Instructions to follow:
For this exercise, please transcribe exactly and only the lines from the one containing "Ich bin kein" through the end of the material, both ends included, without pictures.

Source data:
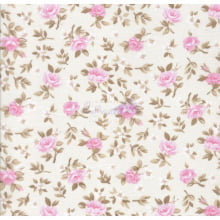 Lúcia cor - 09 (Fundo Cru com Rosa)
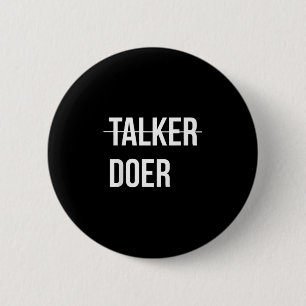 Ich bin kein Redner, ich bin ein Dozent Motivieren Button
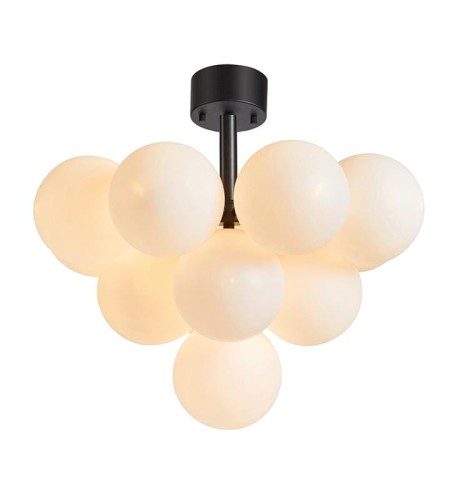 stylowy nowoczesny plafon lampa sufitowa zyrandol do sypialni salonu restauracji biura czarny.jpg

Exercise answer:
 Ich bin kein Redner, ich bin ein Dozent Motivieren Button
 stylowy nowoczesny plafon lampa sufitowa zyrandol do sypialni salonu restauracji biura czarny.jpg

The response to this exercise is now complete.